1736 January 25 (Sunday). In the Morning Dr. Gott came up to see my Wife. She was considerably easier, cooler and better. I could not go to Meeting, a.m. I sent Dr. Colmans Parable of the Ten Virgins,[1] and directed to the Sermon on v. 6, which was read. P.M. I was more composed and I went to worship. Repeated a Sermon on Job 22.21.[2] My wife in a more hopefull way. Mr. Jonathan Forbush’s wife[3] staid with us. The Doctor does not know but that the Fever is at the height. We undertake to wean the Child.[4]

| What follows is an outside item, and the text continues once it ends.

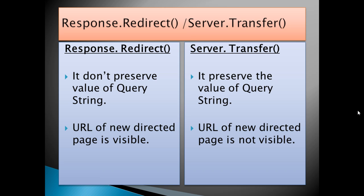The last difference is that the URL of the new directed page is visible in Response.Redirect. But in Server.Transfer, the URL of the new directed page is not visible. These are the basic differences between these two methods. Thank you.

[1]Benjamin Colman, Practical Discourses upon the Parable of the Ten Virgins (London, 1707). Colman (1673-1747), Harvard 1691, was minister of Boston’s Brattle Square Church, 1699-1747. SHG 4:120-37.
[2]Job 22.21, “Acquaint now thyself with him, and be at peace: thereby good shall come unto thee.”
[3]Jonathan Firbush m. Hannah Holloway, ____, ___ [1705 or 1706]; she d. Nov. 17, 1756 (MVR, 252; Parkman diary, Nov. 18, 1756). She served as a midwife (with Parkman first referring to her as “Granny,” Dec. 17, 1738).
[4]See Ross W. Beales, Jr., “Nursing and Weaning in an Eighteenth-Century New England Household,” in Peter Benes, ed., Families and Children (The Dublin Seminar for New England Folklife, Annual Proceedings, 1985; Boston: Boston University, 1987), 48-63.